## [TASK TO CARRY OUT]
Without including any pictures, copy each entry below exactly.

─── PROVIDED DATA ───

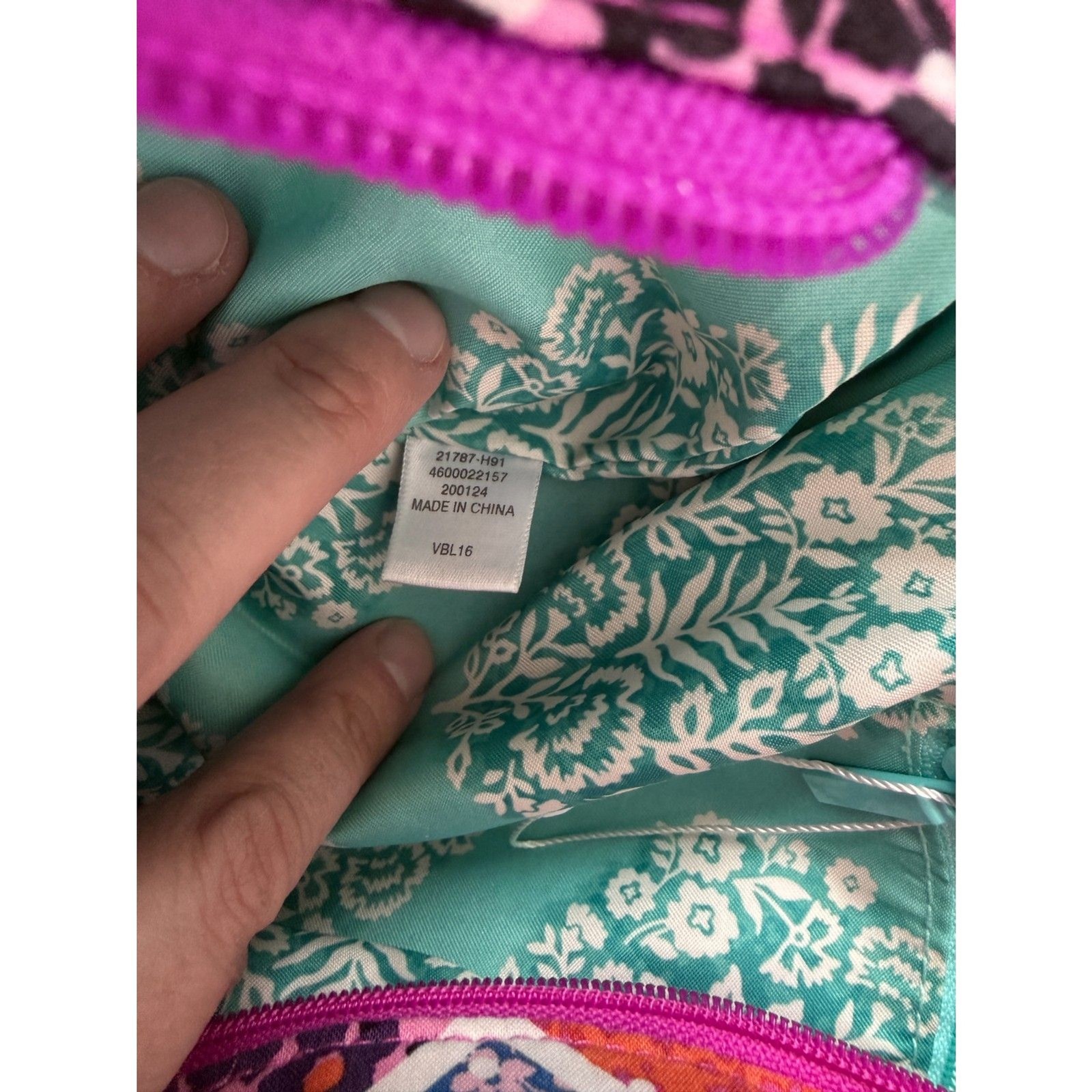 Vera Bradley "Retired" Multi-Pattern Patchwork To… - image 10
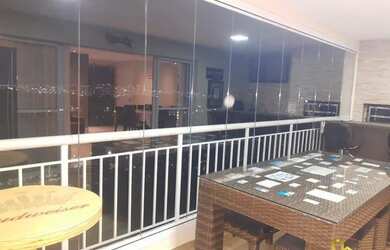 Imagem: O apartamento possui 3 Dormitórios, 5 Banheiros, 3 Vagas na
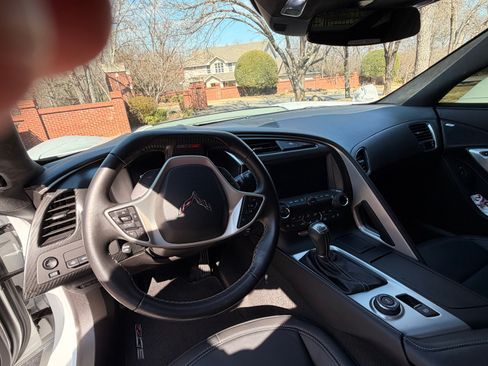 Used 2015 Chevrolet Corvette Z06 w/ 3LZ Preferred Equipment Group image 11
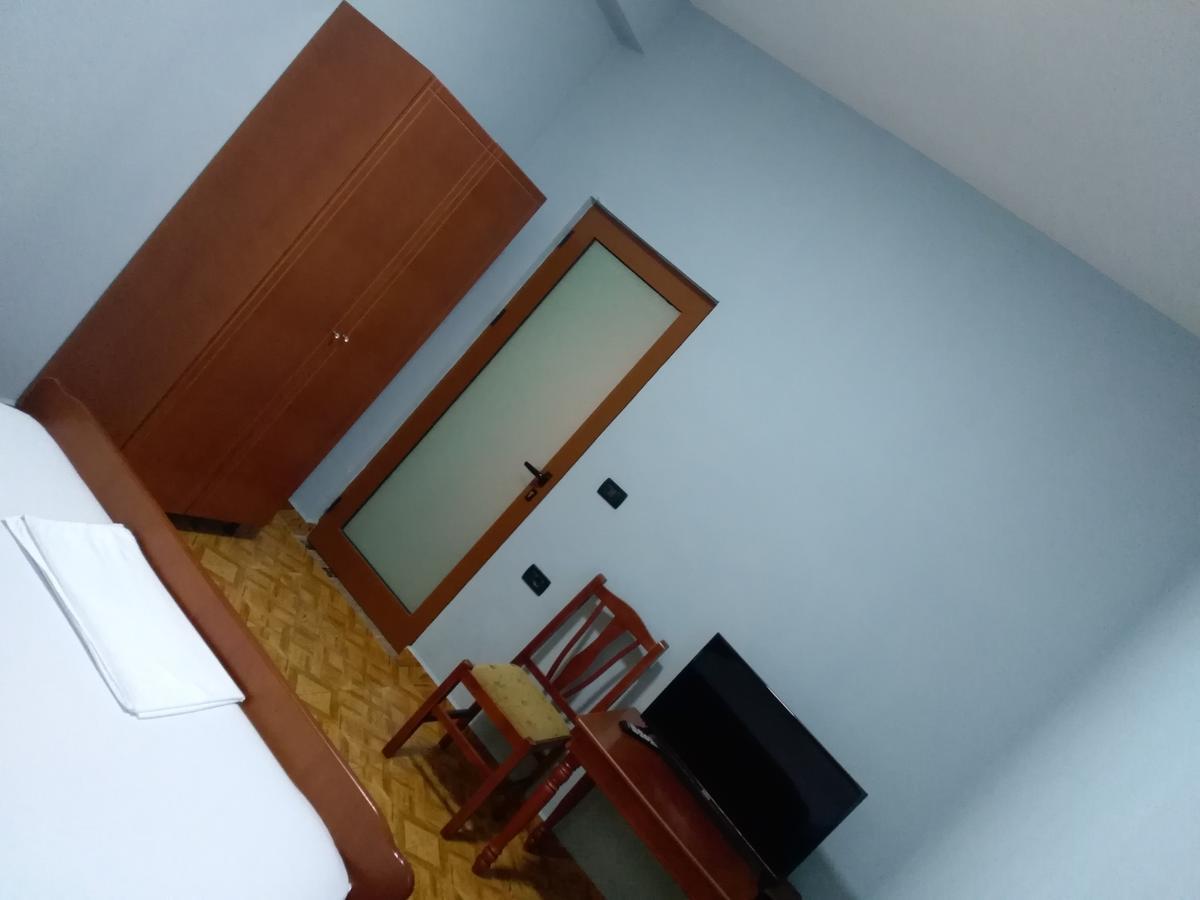 Hotel Gjeli Fier Buitenkant foto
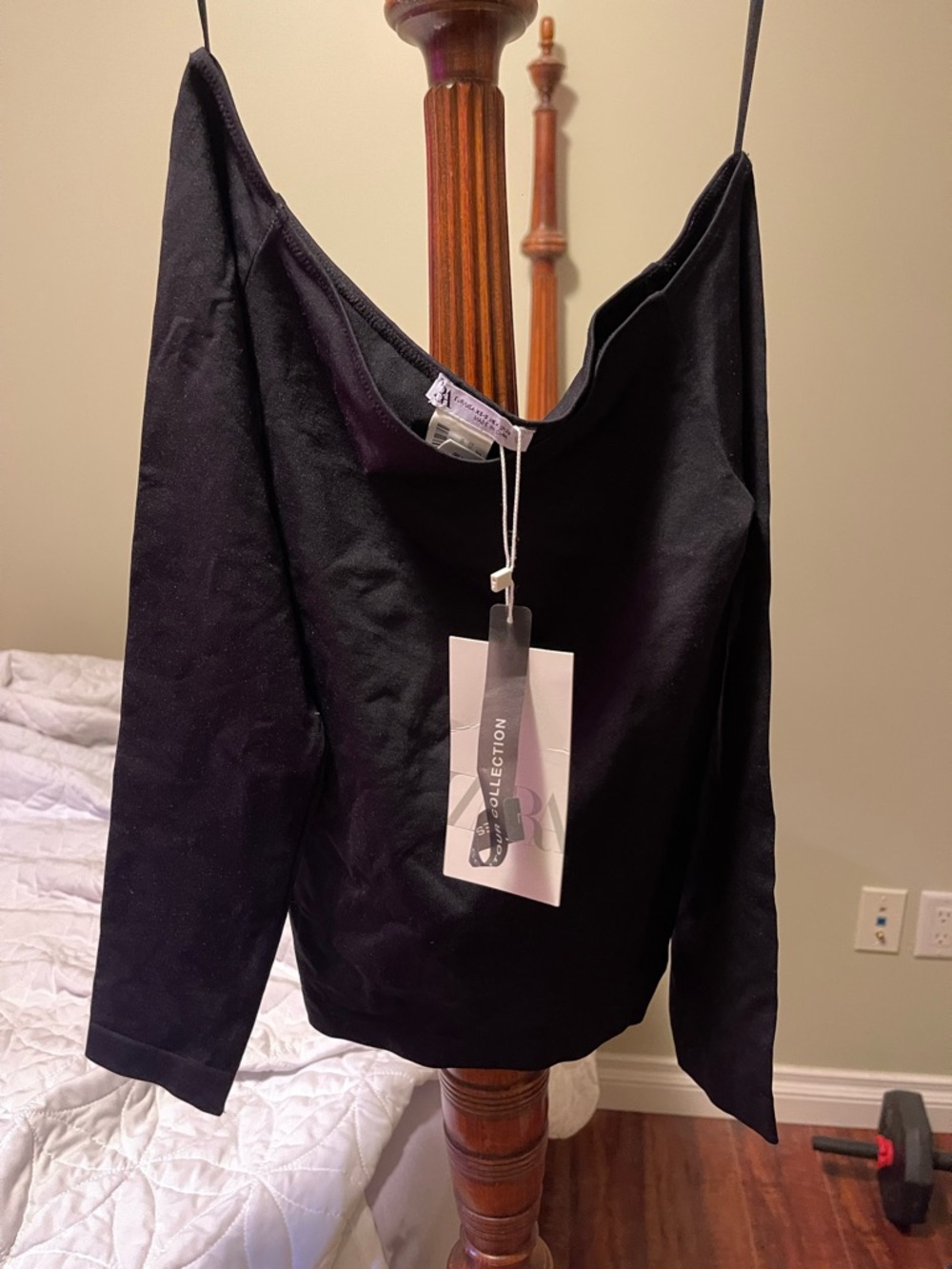 Zara Black Off-shoulder Long sleeve Top
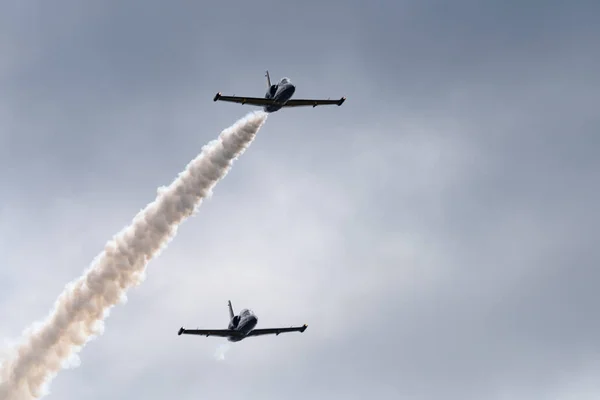 俄罗斯新西比尔斯克 2018年8月5日 信天翁飞机上的特技飞行队 在航空展上表演了这一计划 — 图库照片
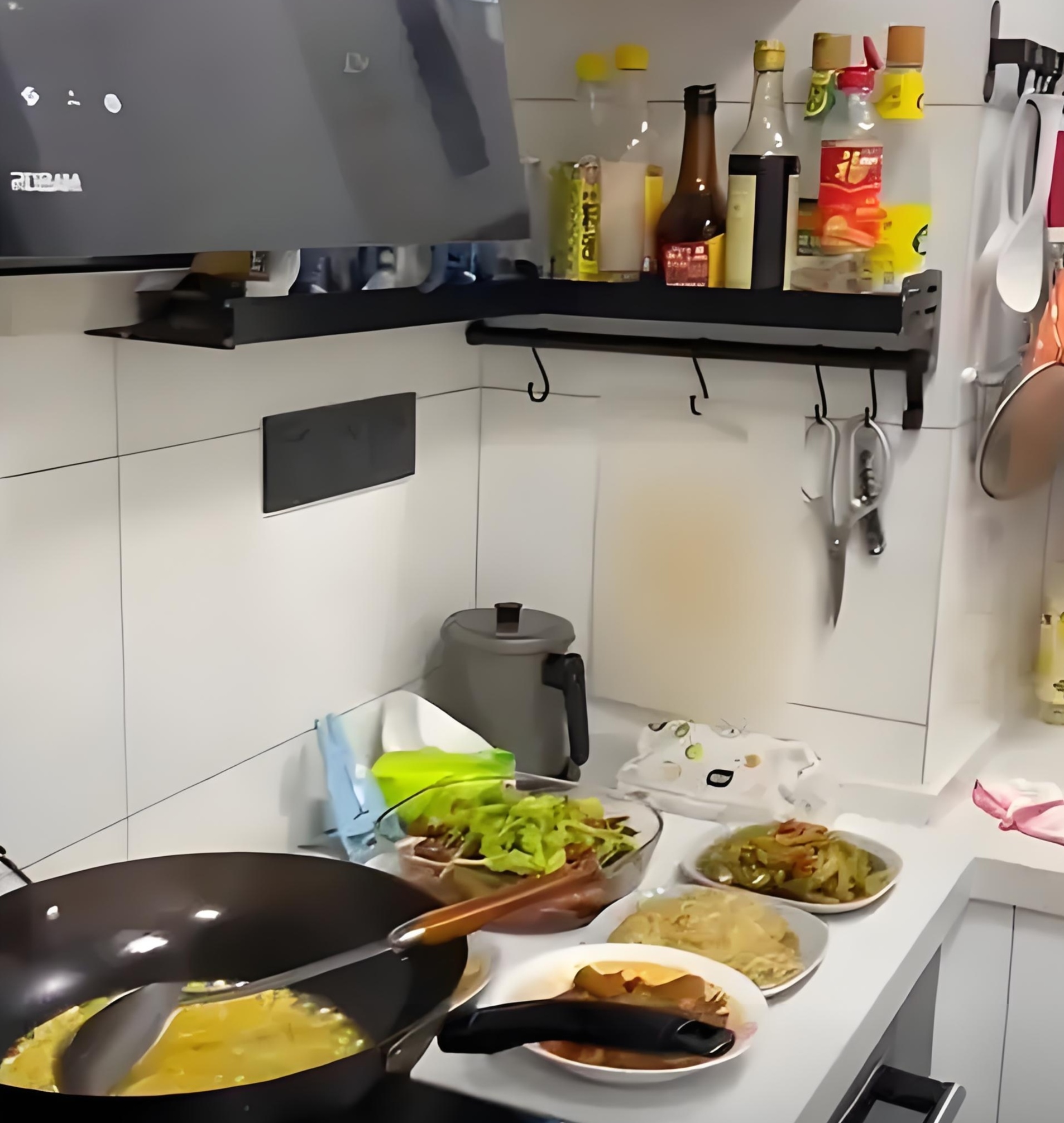 我正在外地出差,接到闺蜜出车祸的消息,回来后连家都没回,直接奔去她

───

## [TASK RESULT]
 Vera Bradley "Retired" Multi-Pattern Patchwork To… - image 10
 Imagem: O apartamento possui 3 Dormitórios, 5 Banheiros, 3 Vagas na
 Used 2015 Chevrolet Corvette Z06 w/ 3LZ Preferred Equipment Group image 11
 Hotel Gjeli Fier Buitenkant foto
 Zara Black Off-shoulder Long sleeve Top
 俄罗斯新西比尔斯克 2018年8月5日 信天翁飞机上的特技飞行队 在航空展上表演了这一计划 — 图库照片
 我正在外地出差,接到闺蜜出车祸的消息,回来后连家都没回,直接奔去她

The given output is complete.